◆ What the task asks
An exact copy of the records below is needed, with every picture left out.

◆ Image-text web data
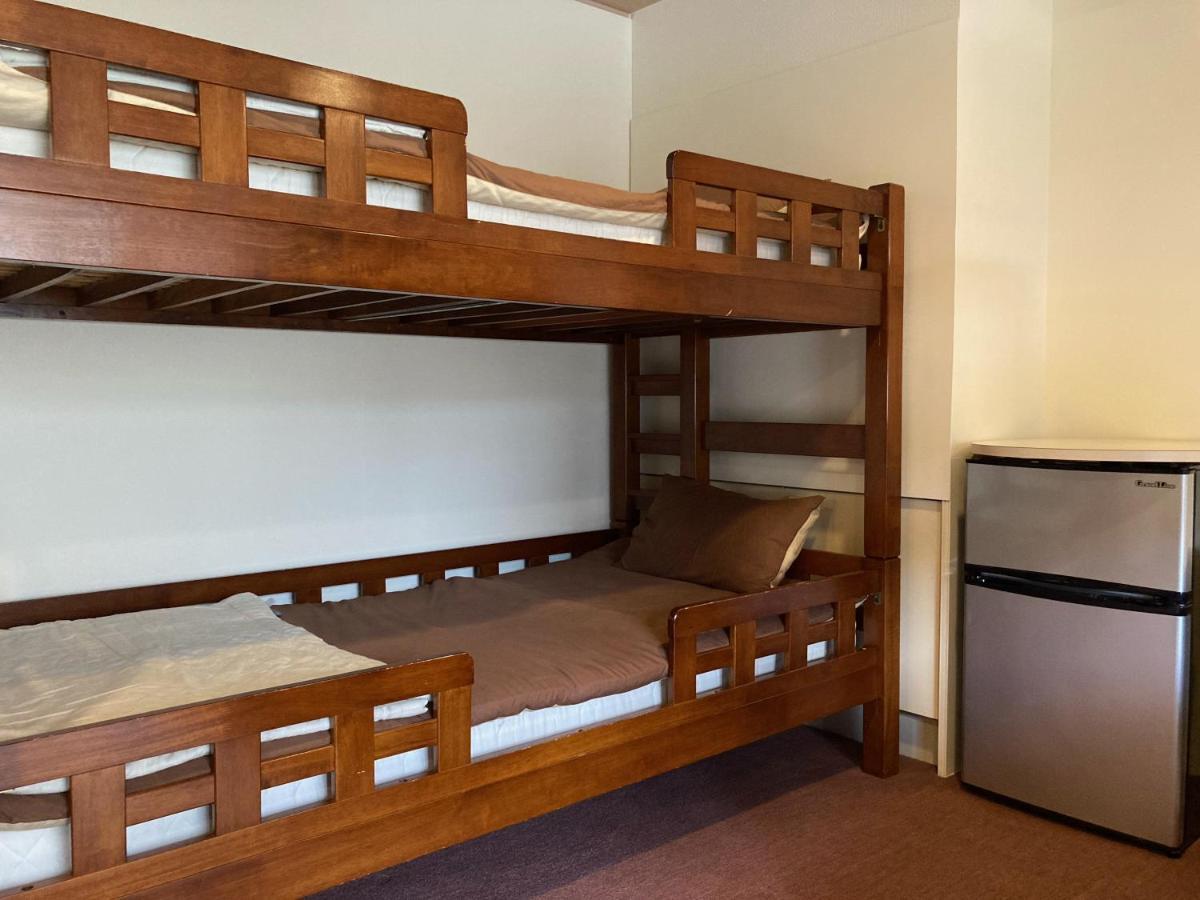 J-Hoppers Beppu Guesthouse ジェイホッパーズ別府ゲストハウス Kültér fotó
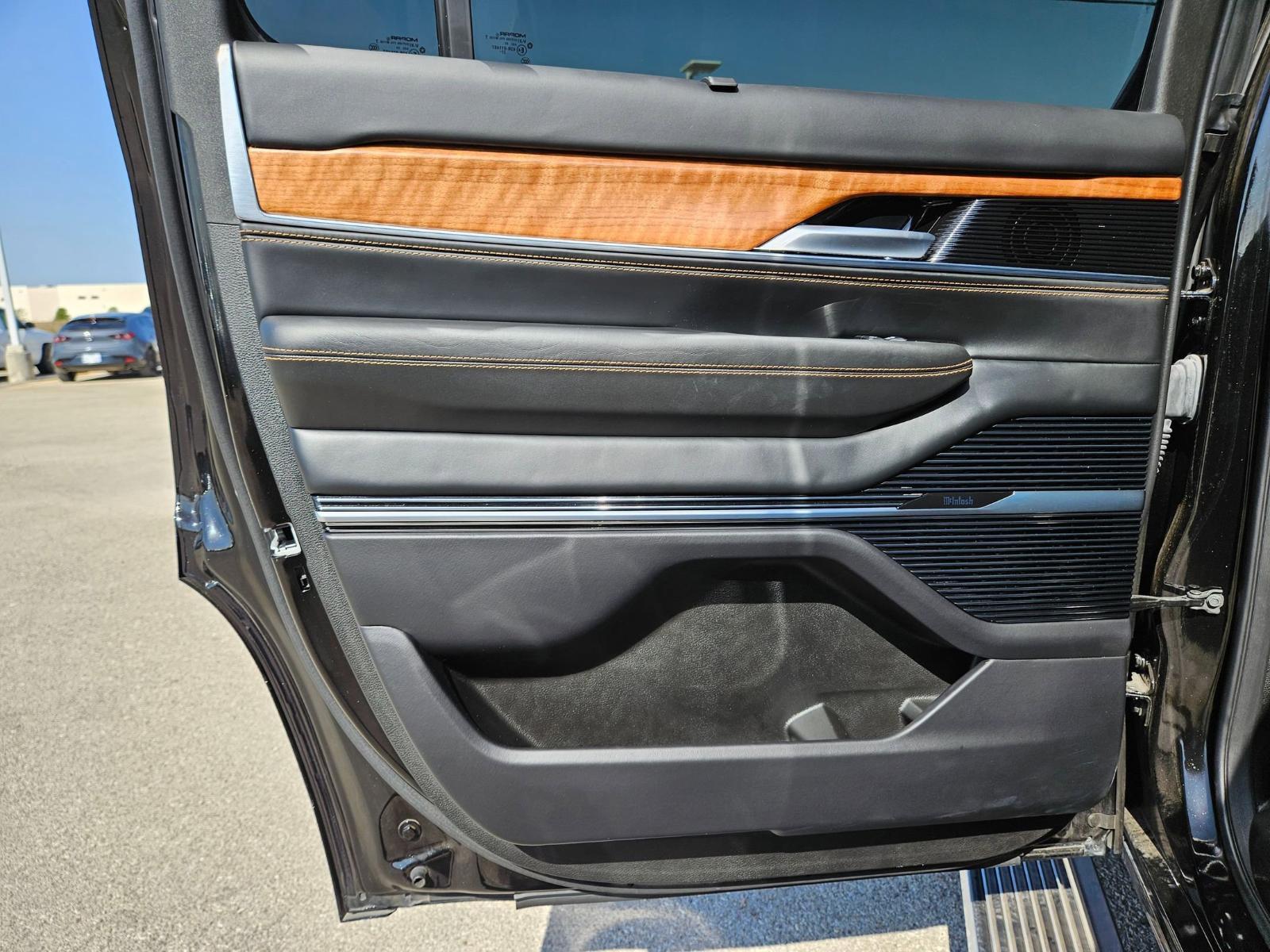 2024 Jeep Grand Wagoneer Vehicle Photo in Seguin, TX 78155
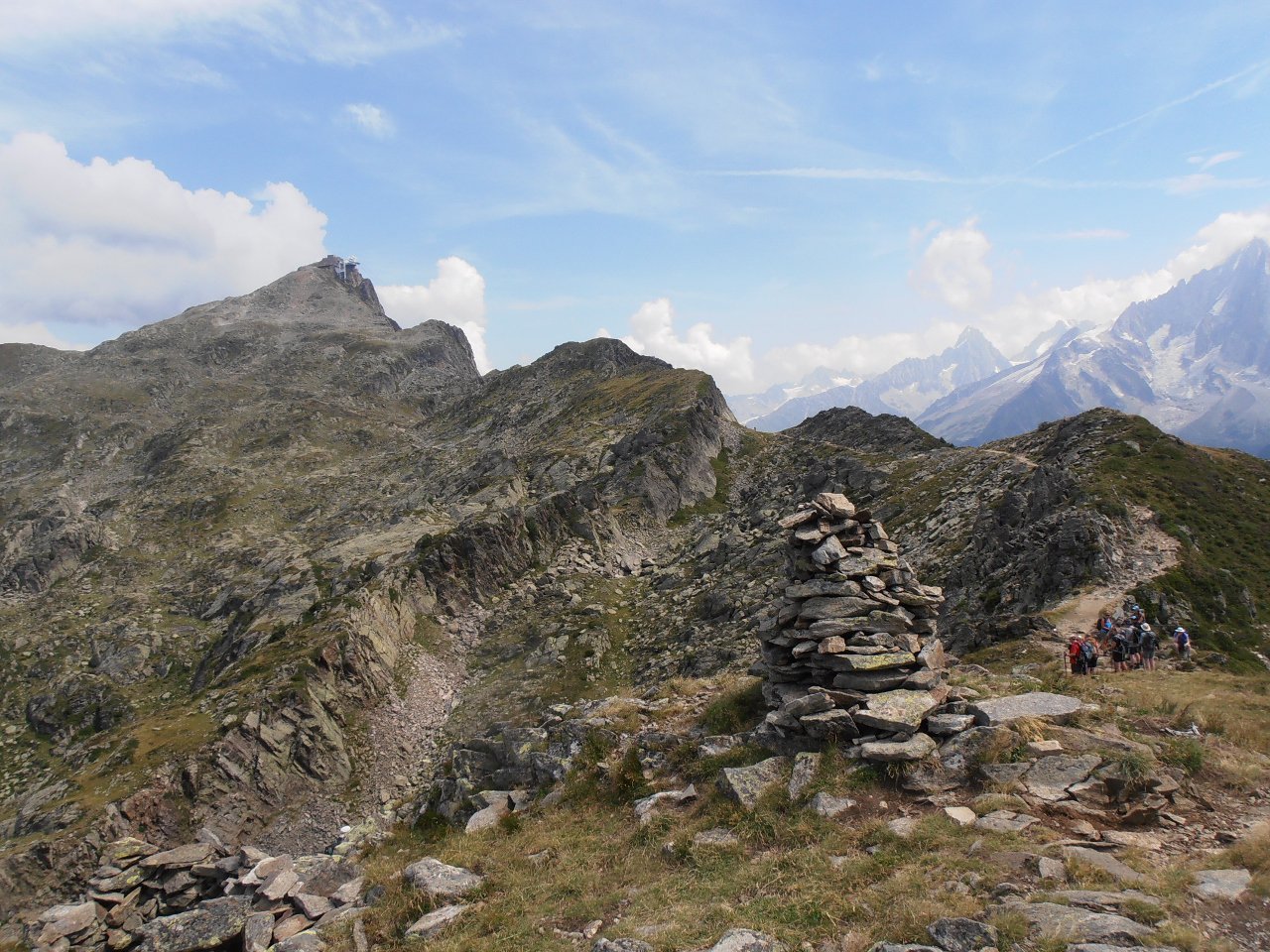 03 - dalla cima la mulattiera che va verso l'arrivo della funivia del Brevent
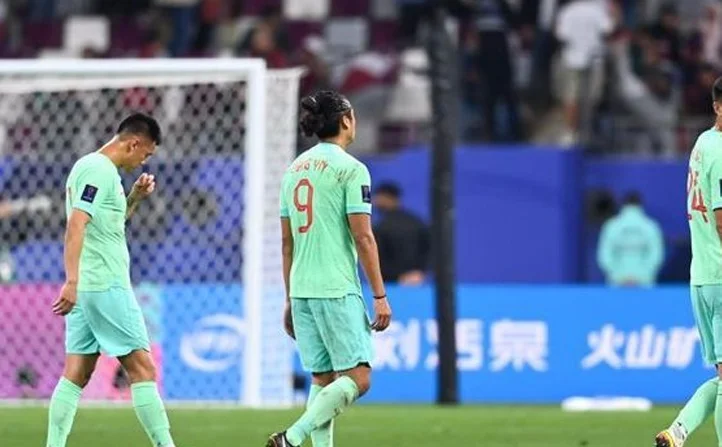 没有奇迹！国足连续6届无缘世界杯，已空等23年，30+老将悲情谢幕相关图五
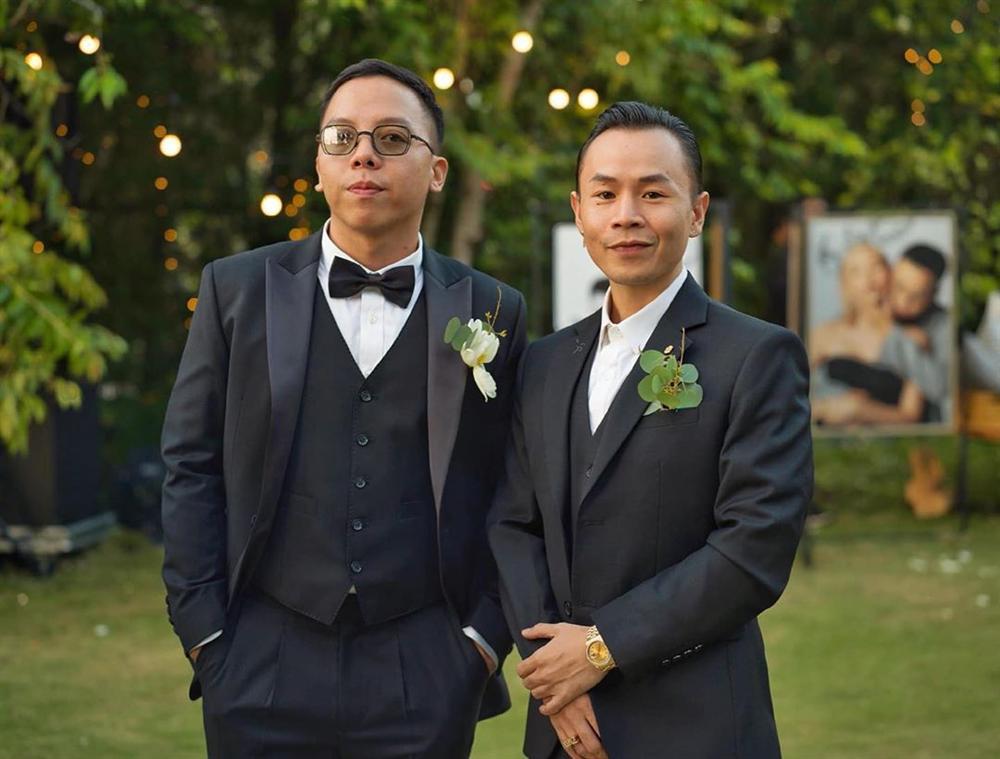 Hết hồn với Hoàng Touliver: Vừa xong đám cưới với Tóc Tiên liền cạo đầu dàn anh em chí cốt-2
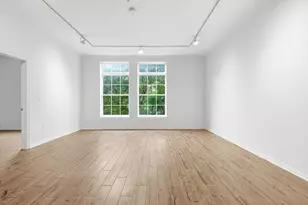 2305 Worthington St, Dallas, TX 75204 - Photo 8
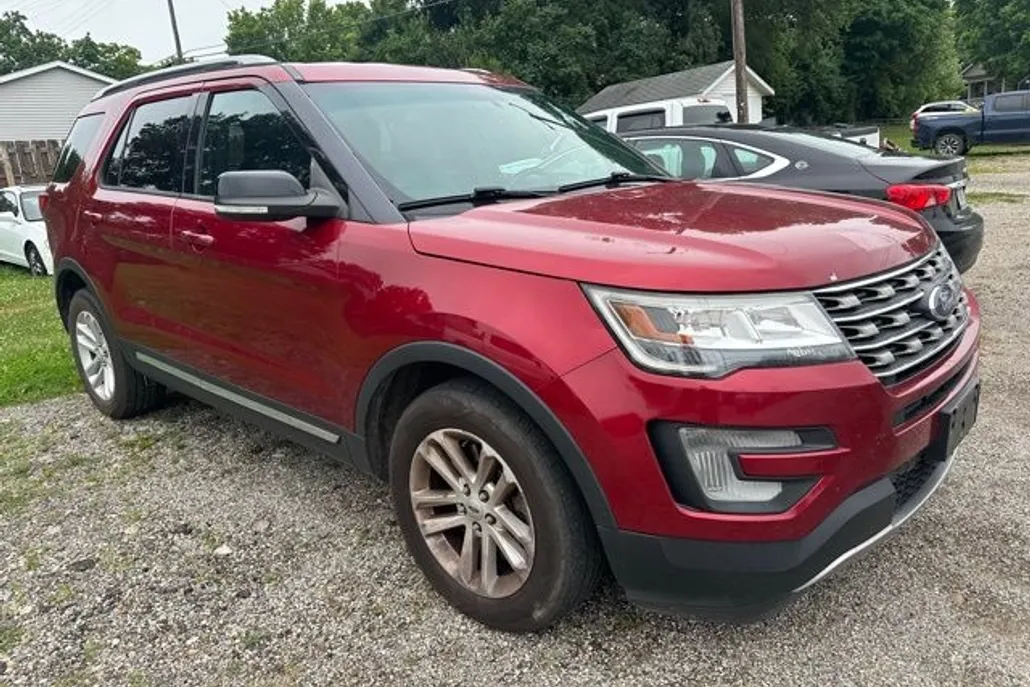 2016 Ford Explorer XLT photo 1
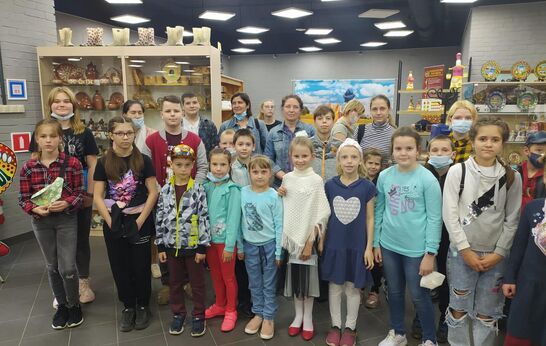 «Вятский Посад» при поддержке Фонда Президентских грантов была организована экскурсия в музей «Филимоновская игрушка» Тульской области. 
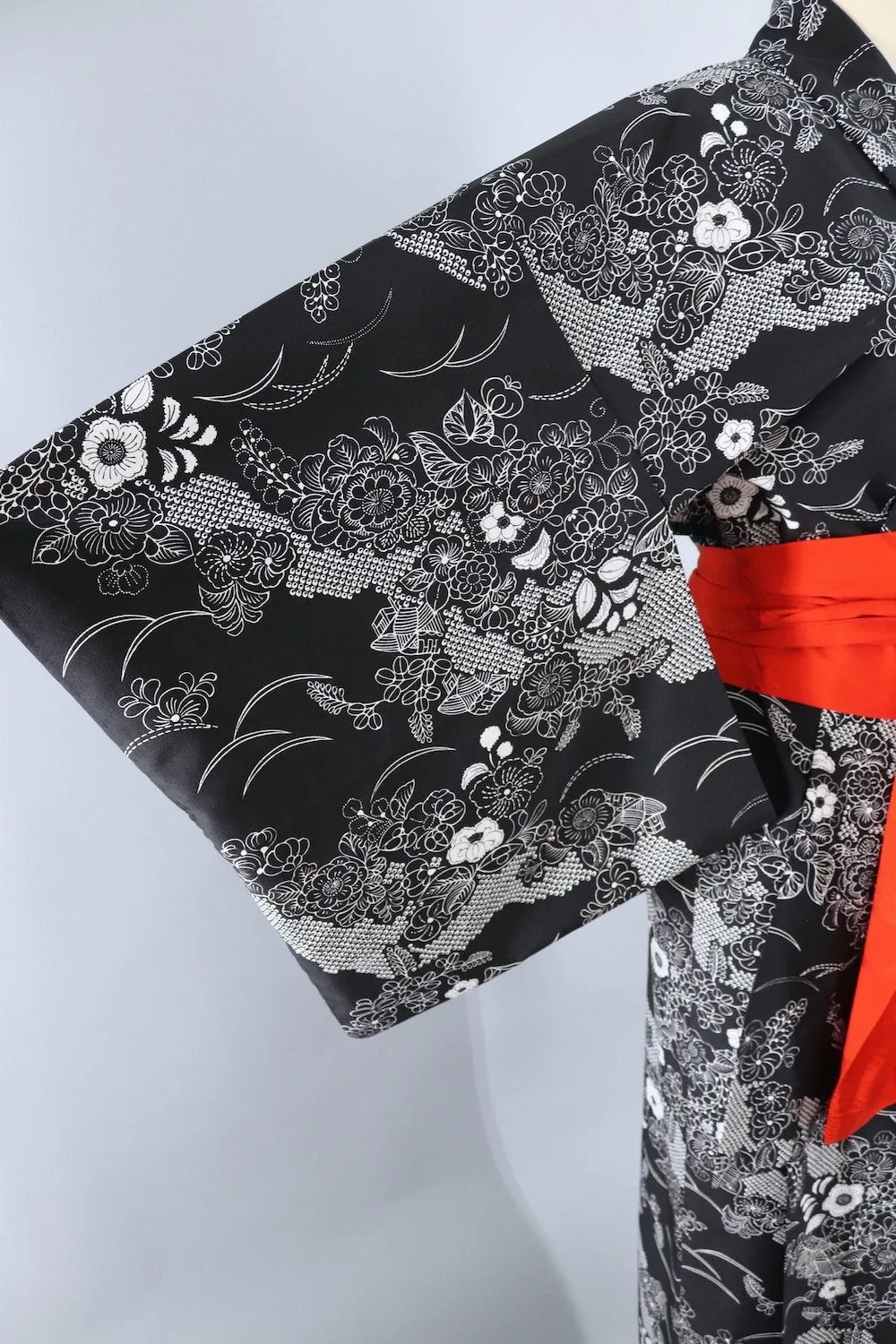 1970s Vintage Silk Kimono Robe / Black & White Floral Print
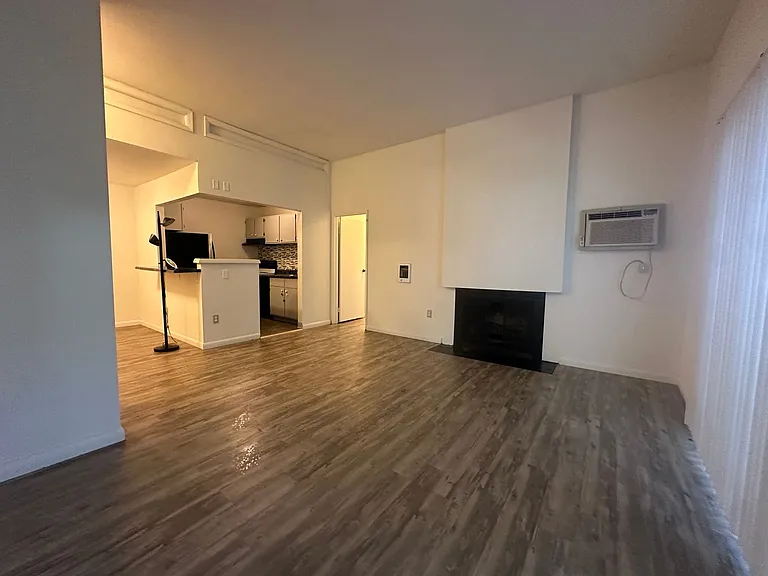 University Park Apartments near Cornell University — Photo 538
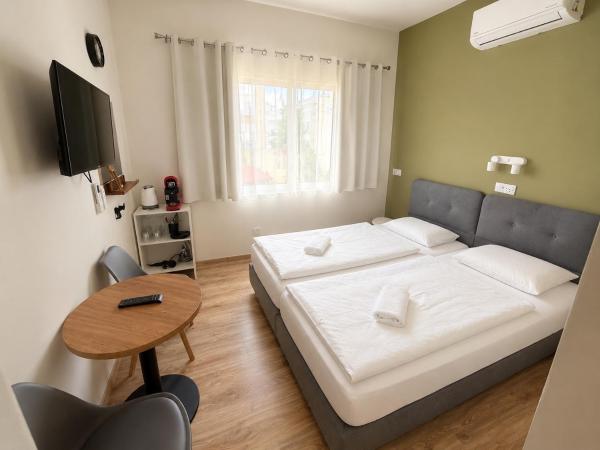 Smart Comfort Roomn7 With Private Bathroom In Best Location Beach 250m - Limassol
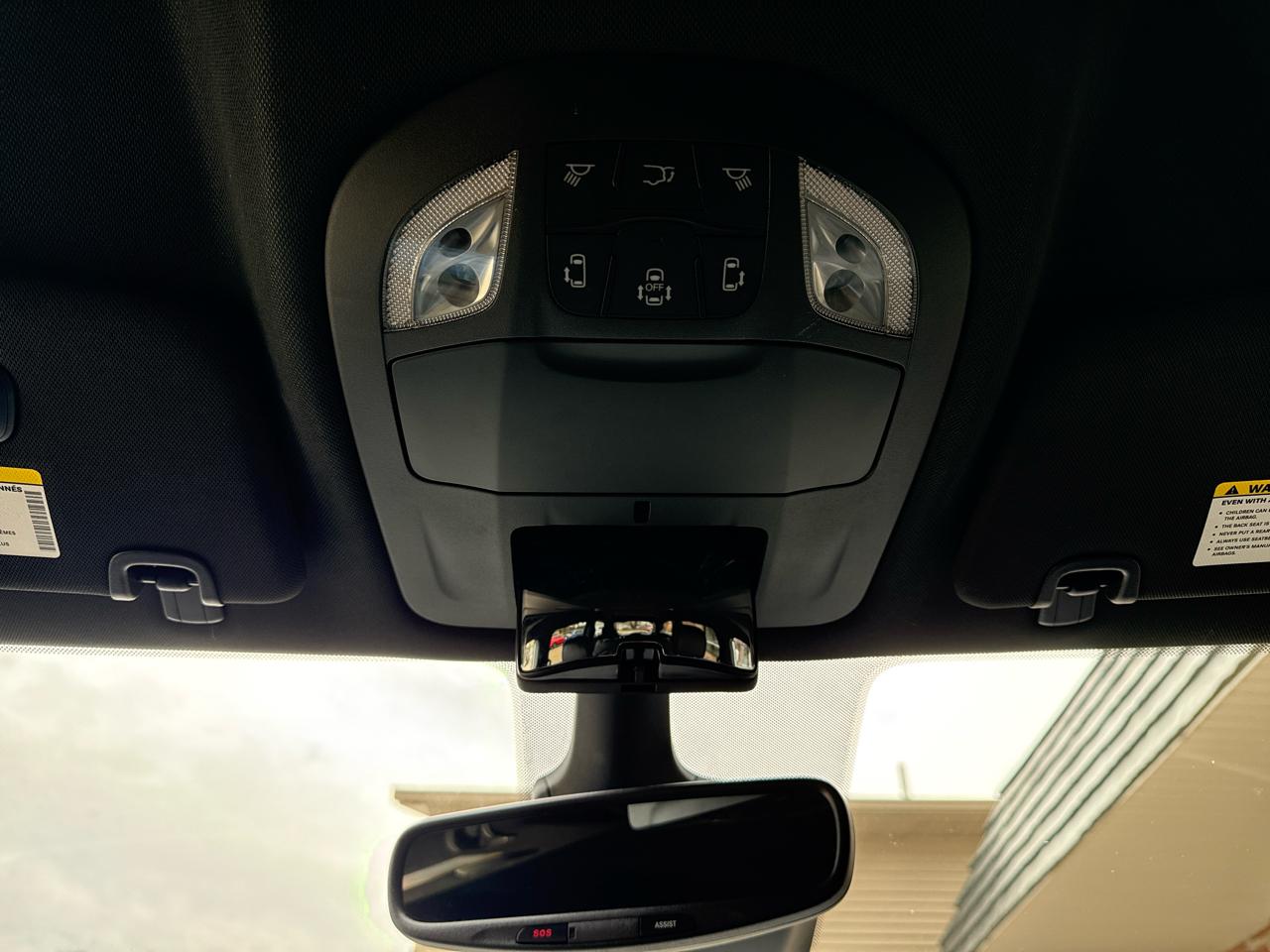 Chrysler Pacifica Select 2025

◆ Expected answer
 J-Hoppers Beppu Guesthouse ジェイホッパーズ別府ゲストハウス Kültér fotó
 2024 Jeep Grand Wagoneer Vehicle Photo in Seguin, TX 78155
 03 - dalla cima la mulattiera che va verso l'arrivo della funivia del Brevent
 没有奇迹！国足连续6届无缘世界杯，已空等23年，30+老将悲情谢幕相关图五
 Hết hồn với Hoàng Touliver: Vừa xong đám cưới với Tóc Tiên liền cạo đầu dàn anh em chí cốt-2
 2305 Worthington St, Dallas, TX 75204 - Photo 8
 2016 Ford Explorer XLT photo 1
 «Вятский Посад» при поддержке Фонда Президентских грантов была организована экскурсия в музей «Филимоновская игрушка» Тульской области. 
 1970s Vintage Silk Kimono Robe / Black & White Floral Print
 University Park Apartments near Cornell University — Photo 538
 Smart Comfort Roomn7 With Private Bathroom In Best Location Beach 250m - Limassol
 Chrysler Pacifica Select 2025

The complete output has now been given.